Olive oil’s nutritional properties

Both food and medicine

Wine, olive oil and honey
Hippocrates recommended the juice of fresh olives as a cure for mental illnesses and suggested using the poultices of macerated olives for ulcers. Many people still use olive oil to extract thorns from under their skin, or to soften calluses and cure ear infections or stomach aches. In ancient times, olive oil was used for beauty treatments, as a healing ointment to prevent spots and wrinkles and to make one’s hair soft and shiny.
Today, it plays a crucial role in the field of cosmetics because of its acidic affinity with the human skin and adipose tissue.In recent years, modern medicine has started to give increasingly serious consideration to the healing properties of extra-virgin olive oil. Indeed, olive oil’s numerous nutritional qualities make it an excellent food for people of all ages, including young people aiming to keep fit and those who wish to maintain their energy at peak levels. It contains Vitamin E, a powerful antioxidant, which helps the body fight against free radicals, one of the primary causes of ageing.

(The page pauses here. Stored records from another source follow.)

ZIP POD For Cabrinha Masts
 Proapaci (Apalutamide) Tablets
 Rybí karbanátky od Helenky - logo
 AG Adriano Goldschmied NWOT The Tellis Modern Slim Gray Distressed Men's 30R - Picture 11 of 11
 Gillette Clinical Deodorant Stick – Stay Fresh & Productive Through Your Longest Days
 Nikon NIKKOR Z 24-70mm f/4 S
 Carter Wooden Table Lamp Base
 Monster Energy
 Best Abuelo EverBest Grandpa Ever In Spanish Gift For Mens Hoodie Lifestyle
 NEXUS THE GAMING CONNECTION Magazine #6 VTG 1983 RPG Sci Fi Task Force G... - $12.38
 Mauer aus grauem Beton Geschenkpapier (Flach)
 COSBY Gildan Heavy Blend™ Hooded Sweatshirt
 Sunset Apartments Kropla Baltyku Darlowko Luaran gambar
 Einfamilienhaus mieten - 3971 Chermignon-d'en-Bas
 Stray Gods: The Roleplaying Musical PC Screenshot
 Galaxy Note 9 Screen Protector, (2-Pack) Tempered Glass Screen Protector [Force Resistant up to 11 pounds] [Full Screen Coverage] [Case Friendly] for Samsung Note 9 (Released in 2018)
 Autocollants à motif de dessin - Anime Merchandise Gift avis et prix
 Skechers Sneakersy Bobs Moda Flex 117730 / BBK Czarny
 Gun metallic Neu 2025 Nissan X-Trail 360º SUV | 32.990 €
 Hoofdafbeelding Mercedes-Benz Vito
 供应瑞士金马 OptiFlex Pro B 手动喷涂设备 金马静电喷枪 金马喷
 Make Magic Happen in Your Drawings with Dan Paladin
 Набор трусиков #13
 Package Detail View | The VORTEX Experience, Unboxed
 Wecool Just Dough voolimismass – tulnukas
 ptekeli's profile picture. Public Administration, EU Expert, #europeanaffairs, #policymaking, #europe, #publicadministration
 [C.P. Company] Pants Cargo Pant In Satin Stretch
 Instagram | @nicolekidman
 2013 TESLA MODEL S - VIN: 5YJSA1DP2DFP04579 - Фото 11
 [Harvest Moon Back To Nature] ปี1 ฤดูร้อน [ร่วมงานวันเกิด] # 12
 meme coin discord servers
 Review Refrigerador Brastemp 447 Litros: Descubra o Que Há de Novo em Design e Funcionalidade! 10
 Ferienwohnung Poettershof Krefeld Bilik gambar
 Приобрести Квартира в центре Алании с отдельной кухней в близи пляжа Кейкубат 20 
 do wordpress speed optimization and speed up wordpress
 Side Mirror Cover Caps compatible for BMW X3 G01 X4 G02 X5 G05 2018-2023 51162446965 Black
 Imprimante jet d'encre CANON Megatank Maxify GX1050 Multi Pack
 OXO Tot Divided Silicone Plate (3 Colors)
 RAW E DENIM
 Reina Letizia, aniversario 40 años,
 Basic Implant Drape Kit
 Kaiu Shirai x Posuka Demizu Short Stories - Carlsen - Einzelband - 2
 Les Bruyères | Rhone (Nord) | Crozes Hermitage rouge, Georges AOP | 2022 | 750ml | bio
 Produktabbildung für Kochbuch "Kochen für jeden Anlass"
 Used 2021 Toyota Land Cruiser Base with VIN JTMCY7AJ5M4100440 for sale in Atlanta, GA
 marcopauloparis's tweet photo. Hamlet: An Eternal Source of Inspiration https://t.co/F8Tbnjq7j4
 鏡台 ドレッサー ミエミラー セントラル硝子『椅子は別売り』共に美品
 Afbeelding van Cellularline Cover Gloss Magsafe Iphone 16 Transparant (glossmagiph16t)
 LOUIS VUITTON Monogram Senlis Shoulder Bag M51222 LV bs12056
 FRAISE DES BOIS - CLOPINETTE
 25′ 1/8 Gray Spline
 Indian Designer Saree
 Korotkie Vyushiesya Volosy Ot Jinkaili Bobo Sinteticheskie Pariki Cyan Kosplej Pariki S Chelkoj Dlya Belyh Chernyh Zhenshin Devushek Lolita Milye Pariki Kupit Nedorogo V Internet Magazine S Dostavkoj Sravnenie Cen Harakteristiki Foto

Another nutritional benefit is due to the fact that it contains several unsaturated fatty acids which the body needs but cannot produce on its own. The composition of olive oil is particularly well-balanced to meet the requirements of the human organism. This factor explains why extra-virgin olive oil can help prevent cardiovascular disease, arteriosclerosis and the risk of a heart attack. It is particularly vital for children and the elderly because it limits the loss of bone calcium and it is highly digestible. It also facilitates the liver’s activity and regulates one’s intestinal functions. Because it is easily digested and acts as an energy supplement, it is particularly suitable for young people involved in intense sports activities.